→ AIM OF THE EXERCISE:
The count of lines below that include the string "Sweater" is the whole answer.

(Stored dataset items)
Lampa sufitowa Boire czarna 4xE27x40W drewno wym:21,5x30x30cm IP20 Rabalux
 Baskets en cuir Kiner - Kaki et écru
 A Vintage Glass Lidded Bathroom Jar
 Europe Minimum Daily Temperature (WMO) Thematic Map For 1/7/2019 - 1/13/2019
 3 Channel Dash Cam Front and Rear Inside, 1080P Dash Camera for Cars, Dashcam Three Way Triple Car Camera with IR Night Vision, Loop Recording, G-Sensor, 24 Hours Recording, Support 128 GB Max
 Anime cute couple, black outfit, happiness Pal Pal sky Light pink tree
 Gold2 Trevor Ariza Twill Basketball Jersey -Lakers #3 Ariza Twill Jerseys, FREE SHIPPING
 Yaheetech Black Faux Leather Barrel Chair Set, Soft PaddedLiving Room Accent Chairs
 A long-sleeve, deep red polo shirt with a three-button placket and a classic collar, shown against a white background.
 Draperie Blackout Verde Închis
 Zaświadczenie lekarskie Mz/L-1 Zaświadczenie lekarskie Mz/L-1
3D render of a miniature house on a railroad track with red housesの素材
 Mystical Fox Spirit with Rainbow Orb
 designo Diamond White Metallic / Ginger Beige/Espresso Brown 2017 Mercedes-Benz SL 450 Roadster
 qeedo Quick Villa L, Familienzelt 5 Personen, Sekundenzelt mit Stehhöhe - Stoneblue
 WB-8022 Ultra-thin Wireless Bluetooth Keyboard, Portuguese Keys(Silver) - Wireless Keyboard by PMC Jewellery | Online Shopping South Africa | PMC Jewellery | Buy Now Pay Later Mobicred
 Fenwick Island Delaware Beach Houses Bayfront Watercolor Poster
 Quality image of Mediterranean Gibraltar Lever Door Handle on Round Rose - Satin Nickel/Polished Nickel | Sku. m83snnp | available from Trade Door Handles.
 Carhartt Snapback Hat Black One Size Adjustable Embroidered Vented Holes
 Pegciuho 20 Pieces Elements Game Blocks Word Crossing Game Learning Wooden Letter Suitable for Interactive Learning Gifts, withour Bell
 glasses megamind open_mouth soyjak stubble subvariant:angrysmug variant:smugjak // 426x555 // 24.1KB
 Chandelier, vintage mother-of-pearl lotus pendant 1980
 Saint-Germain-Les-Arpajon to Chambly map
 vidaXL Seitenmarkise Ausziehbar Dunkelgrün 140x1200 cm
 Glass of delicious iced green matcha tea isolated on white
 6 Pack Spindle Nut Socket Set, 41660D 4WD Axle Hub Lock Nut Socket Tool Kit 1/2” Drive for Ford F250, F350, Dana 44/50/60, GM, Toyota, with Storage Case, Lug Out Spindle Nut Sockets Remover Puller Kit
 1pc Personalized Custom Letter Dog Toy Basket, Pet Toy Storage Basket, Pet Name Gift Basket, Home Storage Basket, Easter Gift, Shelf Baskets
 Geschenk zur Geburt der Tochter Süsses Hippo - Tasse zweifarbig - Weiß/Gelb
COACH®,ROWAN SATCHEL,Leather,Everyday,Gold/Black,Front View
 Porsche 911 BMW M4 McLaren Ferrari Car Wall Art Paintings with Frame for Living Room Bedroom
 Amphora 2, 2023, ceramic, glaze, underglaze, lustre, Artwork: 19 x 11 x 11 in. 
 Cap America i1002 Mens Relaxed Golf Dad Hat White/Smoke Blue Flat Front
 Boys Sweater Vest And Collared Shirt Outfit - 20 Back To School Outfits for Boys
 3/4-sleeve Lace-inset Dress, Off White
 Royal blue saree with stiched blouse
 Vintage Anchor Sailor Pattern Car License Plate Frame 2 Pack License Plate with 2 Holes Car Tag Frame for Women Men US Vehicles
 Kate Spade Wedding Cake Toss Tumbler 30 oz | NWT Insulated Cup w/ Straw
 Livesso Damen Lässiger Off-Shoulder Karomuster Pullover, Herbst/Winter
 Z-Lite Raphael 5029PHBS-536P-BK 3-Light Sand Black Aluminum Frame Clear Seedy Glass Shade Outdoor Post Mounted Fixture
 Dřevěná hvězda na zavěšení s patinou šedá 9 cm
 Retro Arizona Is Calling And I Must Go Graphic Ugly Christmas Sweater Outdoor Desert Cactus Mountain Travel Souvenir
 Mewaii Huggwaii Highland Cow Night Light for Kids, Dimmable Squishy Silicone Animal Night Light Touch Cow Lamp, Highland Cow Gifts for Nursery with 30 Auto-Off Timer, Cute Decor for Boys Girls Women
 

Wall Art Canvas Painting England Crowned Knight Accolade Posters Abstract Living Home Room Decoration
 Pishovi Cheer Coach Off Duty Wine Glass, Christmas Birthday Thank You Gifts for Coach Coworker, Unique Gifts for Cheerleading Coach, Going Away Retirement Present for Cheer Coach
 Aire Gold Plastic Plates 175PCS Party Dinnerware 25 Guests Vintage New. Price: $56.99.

→ COMPLETED TASK:
2